Each paper is well structured, and all contributors make their respective cases in compelling and convincing fashion, leaving only a very few loose ends. Each paper is accompanied by its own bibliography and its own set of endnotes. As a reader, I prefer footnotes to endnotes, because footnotes do not force me to leaf back and forth in the tome. Still, the endnote format adopted in this volume is much preferable to the format in which all footnotes are collected at the end of the volume. There is no index in this volume, however, which is a shame. Quickly locating those papers or paragraphs that cover topics that fall within one’s research interests is much easier with the help of an index.

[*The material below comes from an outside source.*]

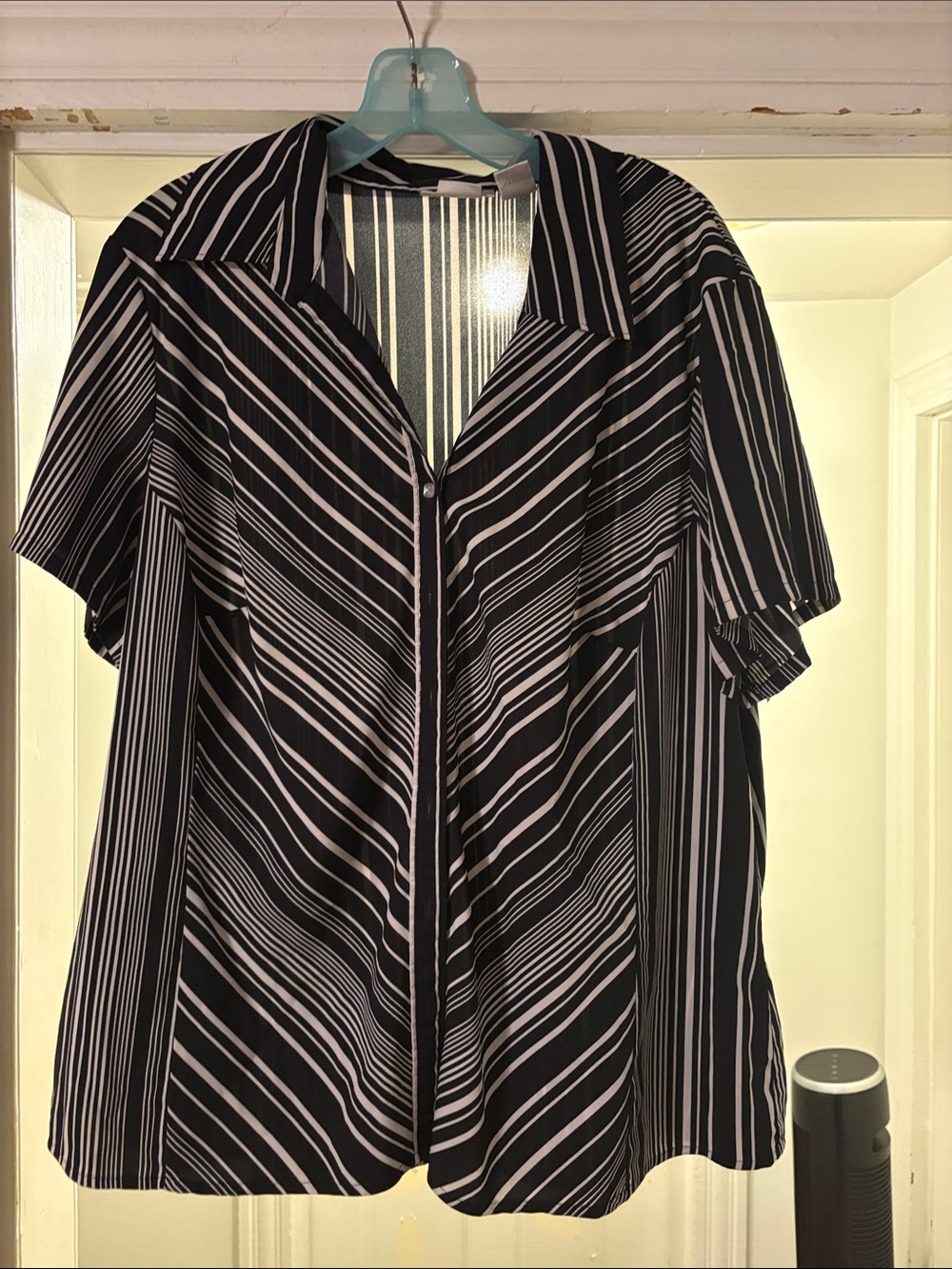 Classic Black & White Striped Short Sleeve Button-Down Shirt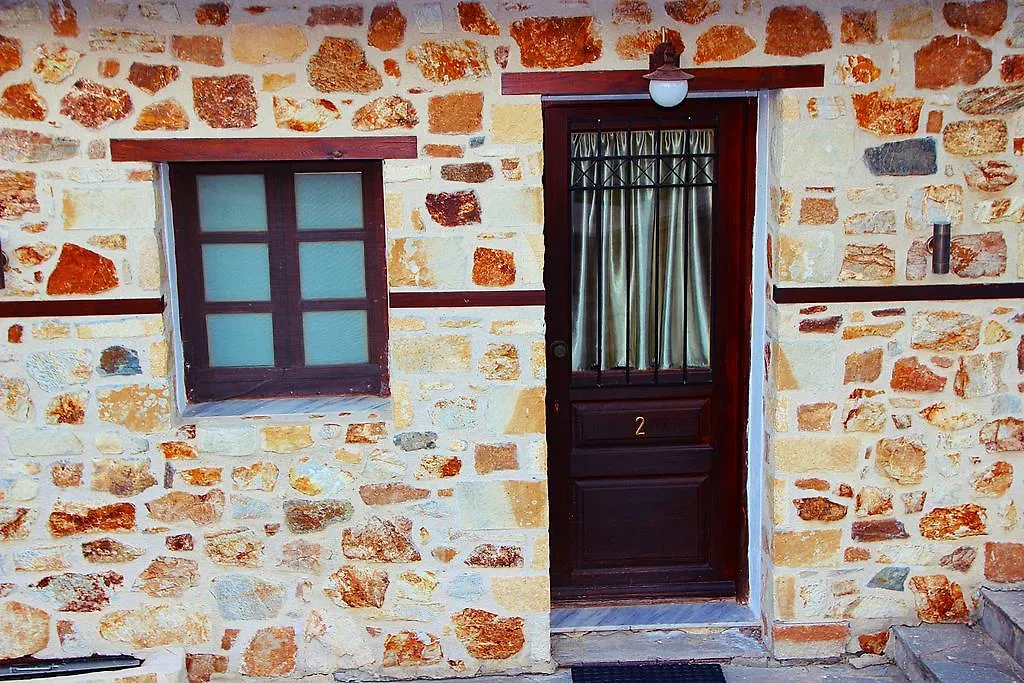 Prasino Horio Otel Arnaía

The main agenda of ECL is, as the editors state in their introductory chapter, to address the apparent gulf between variationist linguistics and corpus linguistics. The volume successfully bridges this gap, and each of the collected papers is an important contribution to the growing body of research into language variation using corpus-based methods. Providing a snapshot of the present state of inquiry in corpus-based research into language variation and, on more than one occasion, offering an outlook into the potential future of this enterprise, this volume not only presents interesting research; it also shows that there is indeed a bright future for variationist corpus linguistics.


An associate professor of English linguistics at Aalborg University, Kim Ebensgaard Jensen is interested in the intersection of language, cognition, and discourse. He operates within the frameworks of cognitive linguistics, construction grammar, and corpus linguistics. His research interests include grammatical constructions, construal operations, and usage-based descriptions of linguistic phenomena.